Ich würde so vorgehen:


  • Bretter ordentlich abrichten, damit du keine offene Leimfuge erhältst.
  • Bretter entsprechend der Verleimregeln (Kern an Kern, Splint an Splint) verleimen. Das kann auch in kleineren Schritten passieren, muss nicht alles auf einmal sein, denn das könnte schnell in Stress und einem schlechten Ergebnis ausarten.
  • Verleimte Platte entweder mit dem Handhobel oder mit einem Schleifer noch planen
  • Platte nach eigenem Wunsch behandeln (Ölen, wachsen...). Bitte auf beiden Seiten behandeln, um ein unterschiedliches Arbeiten des Holzes zu vermeiden.
  • Platte auf dein Metallgestell anbringen. Beim Verschrauben bedenke, dass das Holz immer noch arbeiten wird und bei einer festen Verschraubung reißen kann. Deshalb bieten sich für die Schrauben Langlöchen an, die etwas Spiel erlauben.


Beim Verleimen brauchst du eigentlich keinen großen Aufwand betreiben. Es reicht aus, wenn du stumpf verleimst. Die Vergrößerung der Leimfläche, wo wie du es in deinem letzten Bild gezeigt hast, ist nicht nötig. Bedeutet nur mehr Aufwand und vergrößert die Chance, dass es ungenau wird. Das Anbringen von Flachdübeln kann das Verleimen unterstützen, da dir dann beim Pressen die einzelnen Bretter nicht davon rutschen können. Ist aber auch im Grunde genommen nicht notwendig. Ein paar ordentliche Schraubzwingen inklusige Zulagen solltest du aber schon haben, sonst wird das nichts.

 

Zitat von Kourosh
Nichts für ungut aber du stellst Dir da einiges einfacher vor als es ist.

Die Bretter solltest du auf alle Fälle verleimen wegen der ordentlichen Spalte die sich da bilden werden.

Nut- und Feder wäre zwar hilfreich sind aber nicht zwingend nötig. Ein paar Zwingen zum verleimen wirst du aber schon brauchen.

Abrichten wirst du deine Bretter auch müssen, weil du sonst nie im Leben eine vernünftige Leimfuge hinbekommst.

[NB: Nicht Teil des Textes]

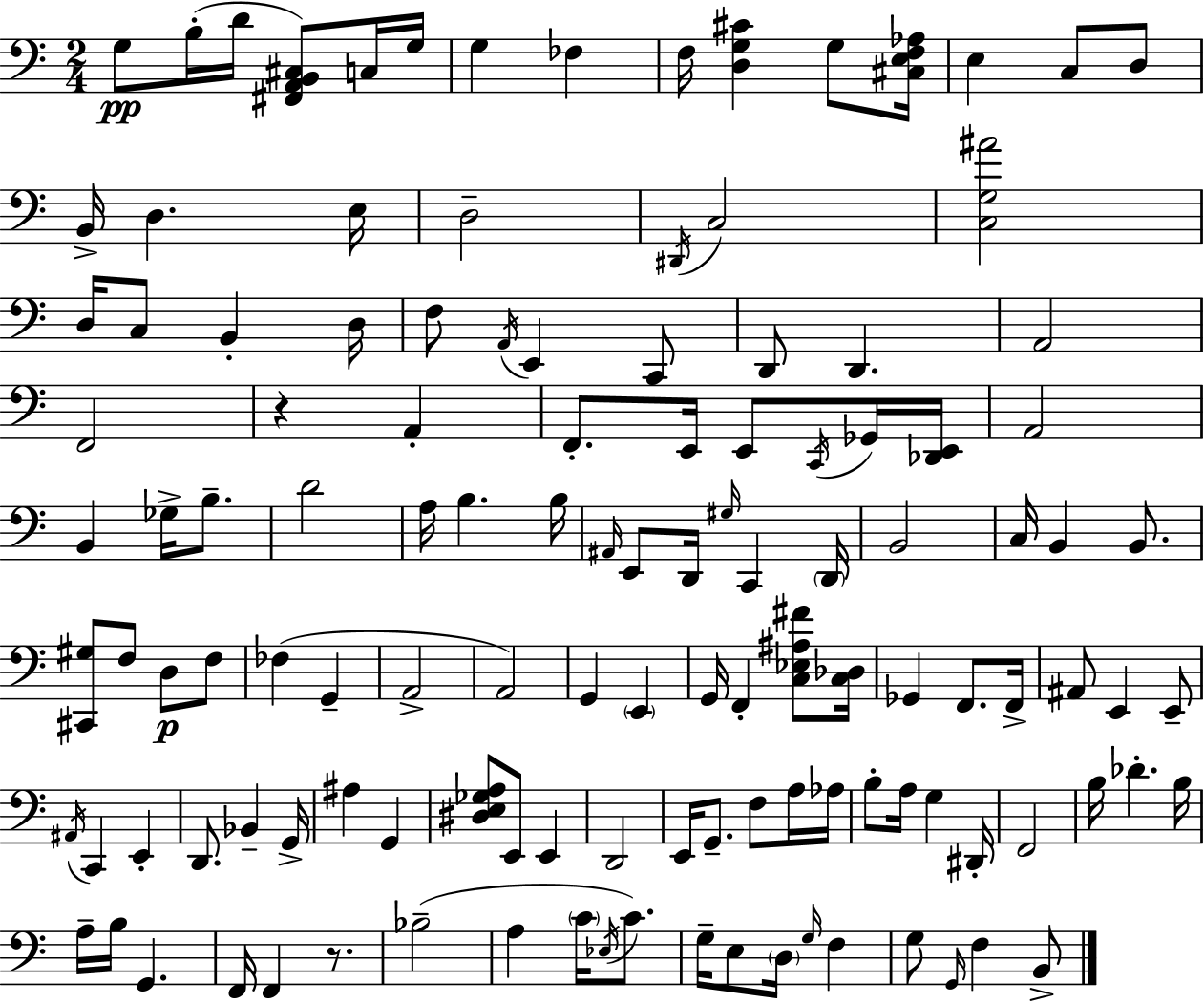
{
  \clef bass
  \numericTimeSignature
  \time 2/4
  \key c \major
  g8\pp b16-.( d'16 <fis, a, b, cis>8) c16 g16 | g4 fes4 | f16 <d g cis'>4 g8 <cis e f aes>16 | e4 c8 d8 | \break b,16-> d4. e16 | d2-- | \acciaccatura { dis,16 } c2 | <c g ais'>2 | \break d16 c8 b,4-. | d16 f8 \acciaccatura { a,16 } e,4 | c,8 d,8 d,4. | a,2 | \break f,2 | r4 a,4-. | f,8.-. e,16 e,8 | \acciaccatura { c,16 } ges,16 <des, e,>16 a,2 | \break b,4 ges16-> | b8.-- d'2 | a16 b4. | b16 \grace { ais,16 } e,8 d,16 \grace { gis16 } | \break c,4 \parenthesize d,16 b,2 | c16 b,4 | b,8. <cis, gis>8 f8 | d8\p f8 fes4( | \break g,4-- a,2-> | a,2) | g,4 | \parenthesize e,4 g,16 f,4-. | \break <c ees ais fis'>8 <c des>16 ges,4 | f,8. f,16-> ais,8 e,4 | e,8-- \acciaccatura { ais,16 } c,4 | e,4-. d,8. | \break bes,4-- g,16-> ais4 | g,4 <dis e ges a>8 | e,8 e,4 d,2 | e,16 g,8.-- | \break f8 a16 aes16 b8-. | a16 g4 dis,16-. f,2 | b16 des'4.-. | b16 a16-- b16 | \break g,4. f,16 f,4 | r8. bes2--( | a4 | \parenthesize c'16 \acciaccatura { ees16 }) c'8. g16-- | \break e8 \parenthesize d16 \grace { g16 } f4 | g8 \grace { g,16 } f4 b,8-> | \bar "|."
}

Dann wirst du nach dem verleimen auch noch die Platte planen müssen, denn es ist eine Illusion zu glauben das man alle Bretter ohne Stufen verleimen kann.

Und wie schon bereits erwähnt wird ein Tisch aus Fichte ziemlich schnell "Charakter" entwickeln. Das ist dann aber eher Geschmacksache.

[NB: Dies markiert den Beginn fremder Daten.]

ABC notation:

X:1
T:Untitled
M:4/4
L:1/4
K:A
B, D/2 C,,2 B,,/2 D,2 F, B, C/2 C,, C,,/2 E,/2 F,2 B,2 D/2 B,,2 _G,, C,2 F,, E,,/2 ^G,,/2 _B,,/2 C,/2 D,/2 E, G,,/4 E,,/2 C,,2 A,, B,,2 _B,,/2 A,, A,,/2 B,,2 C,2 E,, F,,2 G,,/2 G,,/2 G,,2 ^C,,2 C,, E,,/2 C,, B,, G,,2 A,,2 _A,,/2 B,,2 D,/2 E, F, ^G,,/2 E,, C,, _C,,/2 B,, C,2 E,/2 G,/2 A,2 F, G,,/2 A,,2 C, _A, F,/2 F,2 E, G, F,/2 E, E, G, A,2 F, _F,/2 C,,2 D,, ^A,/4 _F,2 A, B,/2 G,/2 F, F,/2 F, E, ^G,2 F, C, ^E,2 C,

Achso ja die Verleimregeln natürlich beachten wäre noch wichtig.
Ich glaube ich habe schon die passende Einstellung, denn wenn es nach einigen hier gehen sollte, müsste ich vorher eine Holzwerkstatt einrichten, bevor ich diesen Tisch überhaupt plane. Dann wäre der Tisch perfekt, nur nicht real. Ich bin da manchmal auch so, nur kommt nichts dabei raus, weil dies und das noch bedacht werden muss.

Ich muss noch überprüfen, wie groß die Spalten zwischen den Bretter sind. Wenn ich die Bretter mit dem von mir zu Verfügung stehende Material abrichte, kann es sein, dass vielleicht die Spalten noch deutlicher werden.
Dass die Platte im nachhinein nicht perfekt glatt wird ist mir klar. Und dafür habe ich einen Bandschleifer mit Gestell.

Mal schauen wie es läuft! Heute wird geklotzt!

 

Zitat von nirosta
Ich würde so vorgehen:

  • Bretter ordentlich abrichten, damit du keine offene Leimfuge erhältst.
  • Bretter entsprechend der Verleimregeln (Kern an Kern, Splint an Splint) verleimen. Das kann auch in kleineren Schritten passieren, muss nicht alles auf einmal sein, denn das könnte schnell in Stress und einem schlechten Ergebnis ausarten..
Wie genau muss ich mir das vorstellen mit dem Kern an Kern und Splint an Splint?

Bei der Verschraubung habe ich 3,5x25 Spannplattenschrauben. Die müssen erst durch 12 mm Stahl. Da das Holz durch den Stahlrahmen "eingeengt wird, wird da überhaupt spiel möglich sein? Die Platte könnte sich anheben, allerdings sind dann die Schrauben da, die das verhindern sollen.